底知れぬエジプトの「可能性」を日本が引き出す理由──両国を結ぶ、才と優しさの物語は新章へ

正式開館が待たれる大エジプト博物館を訪れる人々(6月2日、ギザ) Amr Abdallah Dalsh-REUTERS
<時代を超えて新たな文明を生み出し続けてきた原動力、エジプト人が持つ二つの性質とは? そして日本の貢献とは?>
古代の記憶が再び息づこうとしている。ナイルの風がささやくように、時間の砂を超えて現れたのは、偉大なる王たちの夢の欠片だ。
カイロの西、ピラミッドを見渡す丘にそびえる大エジプト博物館。その扉が今、ゆっくりと開かれ、永遠の都が再び光を取り戻しつつある。王の黄金のマスク、神々を象った彫像、淡い砂色に焼けた石碑──それらは数千年の眠りから目覚め、人々に自らの物語を語りかけている。
一方、はるか東の島国・日本でも、ラムセス大王の足跡が静かに熱を帯びている。ラムセス大王展(豊洲のCREVIA BASE Tokyoで2026年1月4日まで開催)の展示会場に並ぶ壮麗な遺物は、ただの展示品ではない。そこには、ファラオが夢見た永遠の王国への祈りが宿っている。訪れる人々は、時空を超えて同じ光景を見つめ、かつてナイルの流れを照らした黄金の太陽を心の中に感じるのだ。
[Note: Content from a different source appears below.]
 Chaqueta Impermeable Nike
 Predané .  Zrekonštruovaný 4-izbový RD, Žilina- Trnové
大地を越え、時を越え、古代と現代が出会う──いま、世界は再びエジプトという"記憶の王国"に耳を傾けている。
エジプト、その社会は古代から現在に至るまで進化を遂げてきた。極めて複雑な文化、文明の発展過程を歩み、古代人が築いた文明が失われた後も、時代を超えて新たな文明を生み出し続けてきた。その進化の源となっているのは、私が思うにエジプト人自身が持つ二つの性質によるだろう。
一つ目は「柔軟性」。エジプトが辿ってきた長い歴史を振り返ってみると、この国の人々は自身を取り巻くあらゆる出来事に柔軟に対応し、必死に生き続けてきた。状況に応じて「成す術」を臨機応変に変えていくのはエジプト人が得としていることであろう。
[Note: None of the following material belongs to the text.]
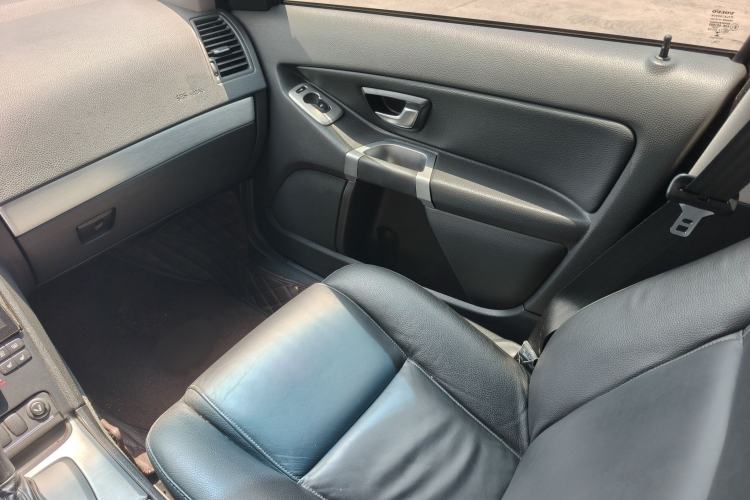 Used Volvo XC Classic 2014 T5 Luxury Edition Interior 3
ナーセル大統領やムハンマド・アリの時代のように時には「力」を使うこともあれば、オスマントルコが支配していた時代のように嵐に直接立ち向かわず、現実的なやり方で妥協する道を選んだこともある。大きな時代のうねりの中で、エジプト人という民族はいかなる状況でも柔軟に対応することによって生き続けてきたのだ。